Relics of Saint Gregorios of Parumala
Geevarghese Mâr Gregorios Chathuruthy (15 June 1848 - 4 November 1902) was the first native of the Indian subcontinent to be declared as a saint of any church. He was ordained as a deacon at ten years old, and priest at the age of eighteen. Finally he was consecrated as bishop at the age of twenty-eight. In addition to the many miracles he performed during his lifetime, he is maybe best known for his refusal to join the Mar Thoma Reformation movement created by the British to convert the remaining Nazarani to Protestantism. He is also known for his personal work in preserving the Indian form of Neo-Syriac, which he conversed in fluently and taught to many others. Although it is not the language of Yeshue, Syriac holds a special place in the hearts and minds of the Malayali people of Kerala, because it connects them to the Church of Antioch founded by Saint Yaqoub Bar Adai in the 7th Century.
He died at the age of 54 and was buried at St.Peters and St. Pauls Church, Parumala. His Holiness Baselios Geevarghese II declared him a saint of the Indian Orthodox Church in 1947; and then the Patriarch of Antioch, His Holiness Ignatius Zakka IIwas declared him a saint of the the Syriac Orthodox Church in 1987. The Nazarani Church also considers him as a saint and is proud to also possess some of his relics.

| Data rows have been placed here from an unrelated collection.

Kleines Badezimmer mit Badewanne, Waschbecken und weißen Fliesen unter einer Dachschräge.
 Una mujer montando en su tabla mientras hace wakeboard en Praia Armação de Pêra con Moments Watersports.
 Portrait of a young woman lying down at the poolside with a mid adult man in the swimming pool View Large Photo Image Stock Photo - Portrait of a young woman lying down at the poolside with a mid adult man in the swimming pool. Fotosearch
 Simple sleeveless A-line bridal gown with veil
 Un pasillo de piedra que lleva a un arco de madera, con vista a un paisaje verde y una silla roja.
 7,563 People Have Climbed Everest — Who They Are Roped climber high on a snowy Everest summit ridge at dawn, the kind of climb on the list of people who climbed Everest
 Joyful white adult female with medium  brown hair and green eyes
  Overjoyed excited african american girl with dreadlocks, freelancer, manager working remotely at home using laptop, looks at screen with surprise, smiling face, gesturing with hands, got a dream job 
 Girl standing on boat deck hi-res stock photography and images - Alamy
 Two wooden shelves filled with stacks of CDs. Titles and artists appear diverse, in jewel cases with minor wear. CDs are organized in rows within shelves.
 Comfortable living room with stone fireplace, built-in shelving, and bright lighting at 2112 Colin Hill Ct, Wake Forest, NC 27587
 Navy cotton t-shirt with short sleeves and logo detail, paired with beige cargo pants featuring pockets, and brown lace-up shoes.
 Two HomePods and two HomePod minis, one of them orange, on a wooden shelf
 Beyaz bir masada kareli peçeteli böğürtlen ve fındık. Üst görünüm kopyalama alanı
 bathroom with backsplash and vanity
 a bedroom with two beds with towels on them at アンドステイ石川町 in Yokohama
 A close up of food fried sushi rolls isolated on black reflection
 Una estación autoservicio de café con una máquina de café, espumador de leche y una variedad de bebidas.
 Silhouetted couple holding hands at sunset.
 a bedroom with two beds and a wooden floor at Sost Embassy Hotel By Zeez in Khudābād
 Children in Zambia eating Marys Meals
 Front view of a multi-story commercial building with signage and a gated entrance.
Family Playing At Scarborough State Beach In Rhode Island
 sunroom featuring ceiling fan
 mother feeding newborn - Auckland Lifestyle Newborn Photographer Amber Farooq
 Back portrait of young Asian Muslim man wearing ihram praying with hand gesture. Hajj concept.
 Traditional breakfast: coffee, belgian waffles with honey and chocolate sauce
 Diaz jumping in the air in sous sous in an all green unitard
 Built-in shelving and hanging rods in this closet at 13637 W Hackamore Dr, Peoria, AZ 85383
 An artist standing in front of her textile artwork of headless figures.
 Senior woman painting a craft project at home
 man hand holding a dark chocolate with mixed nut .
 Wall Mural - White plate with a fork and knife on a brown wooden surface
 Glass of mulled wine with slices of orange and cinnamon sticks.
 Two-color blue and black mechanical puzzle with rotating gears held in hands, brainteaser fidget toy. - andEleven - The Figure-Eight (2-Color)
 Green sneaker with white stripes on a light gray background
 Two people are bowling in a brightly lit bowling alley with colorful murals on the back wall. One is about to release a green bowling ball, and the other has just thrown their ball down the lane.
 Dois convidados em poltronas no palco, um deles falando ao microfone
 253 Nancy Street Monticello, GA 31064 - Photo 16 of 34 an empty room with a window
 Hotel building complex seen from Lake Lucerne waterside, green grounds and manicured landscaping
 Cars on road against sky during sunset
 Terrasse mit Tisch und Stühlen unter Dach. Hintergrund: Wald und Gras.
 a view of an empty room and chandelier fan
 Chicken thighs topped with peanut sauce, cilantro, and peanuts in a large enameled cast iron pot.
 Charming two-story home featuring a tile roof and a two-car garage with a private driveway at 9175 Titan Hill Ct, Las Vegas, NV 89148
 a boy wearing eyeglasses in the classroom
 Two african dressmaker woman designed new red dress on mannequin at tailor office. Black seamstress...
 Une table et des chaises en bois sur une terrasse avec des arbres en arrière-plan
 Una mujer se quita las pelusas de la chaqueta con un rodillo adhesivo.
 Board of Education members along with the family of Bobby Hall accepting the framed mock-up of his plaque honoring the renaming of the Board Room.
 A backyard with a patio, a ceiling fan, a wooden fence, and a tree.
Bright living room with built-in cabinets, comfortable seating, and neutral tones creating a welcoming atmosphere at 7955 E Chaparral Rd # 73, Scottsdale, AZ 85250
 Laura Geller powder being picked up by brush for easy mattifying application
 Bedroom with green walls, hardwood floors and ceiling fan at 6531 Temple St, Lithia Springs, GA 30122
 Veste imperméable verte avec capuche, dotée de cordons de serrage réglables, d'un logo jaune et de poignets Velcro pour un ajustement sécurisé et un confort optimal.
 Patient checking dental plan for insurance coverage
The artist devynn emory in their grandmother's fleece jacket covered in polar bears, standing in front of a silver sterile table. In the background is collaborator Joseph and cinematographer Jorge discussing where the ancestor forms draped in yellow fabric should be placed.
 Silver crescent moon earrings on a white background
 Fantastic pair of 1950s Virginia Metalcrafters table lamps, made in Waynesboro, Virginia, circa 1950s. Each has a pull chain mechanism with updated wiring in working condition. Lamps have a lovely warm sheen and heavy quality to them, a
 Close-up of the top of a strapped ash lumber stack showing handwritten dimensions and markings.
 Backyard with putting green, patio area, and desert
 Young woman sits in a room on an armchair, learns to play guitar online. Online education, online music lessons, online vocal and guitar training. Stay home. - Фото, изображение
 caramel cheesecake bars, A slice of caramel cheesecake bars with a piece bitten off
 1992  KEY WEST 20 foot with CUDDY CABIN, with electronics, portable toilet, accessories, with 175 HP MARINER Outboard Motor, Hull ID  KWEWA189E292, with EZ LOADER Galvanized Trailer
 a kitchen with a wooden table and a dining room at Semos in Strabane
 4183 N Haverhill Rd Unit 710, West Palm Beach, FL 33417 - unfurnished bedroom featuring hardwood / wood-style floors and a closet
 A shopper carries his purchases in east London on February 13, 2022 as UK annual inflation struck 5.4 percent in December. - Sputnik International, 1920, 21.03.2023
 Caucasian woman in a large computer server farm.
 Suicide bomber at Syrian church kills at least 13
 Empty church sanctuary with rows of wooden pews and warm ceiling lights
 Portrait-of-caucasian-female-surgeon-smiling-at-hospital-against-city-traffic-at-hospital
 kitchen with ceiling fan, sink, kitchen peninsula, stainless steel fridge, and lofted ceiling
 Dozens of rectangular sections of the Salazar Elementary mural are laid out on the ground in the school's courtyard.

The majority of Mâr Gregorios' relics are housed at the Malecuriz St. George monastery in the Ernakulam district of Kerala State in southern India. Other relics are held in other places, including the Saint Gregorios Ashram in Kandanad, which has one of his cassocks; and the Comunidad de San Adai in Guanajuato, México which has his myron (basmanu) bag. The bag was donated by the family of His Eminence Thomas Mâr Makarios to the Mission Society of Mar Gregorios in 2000 A.D., and is now part of the collection of the Nazarani Foundation Library.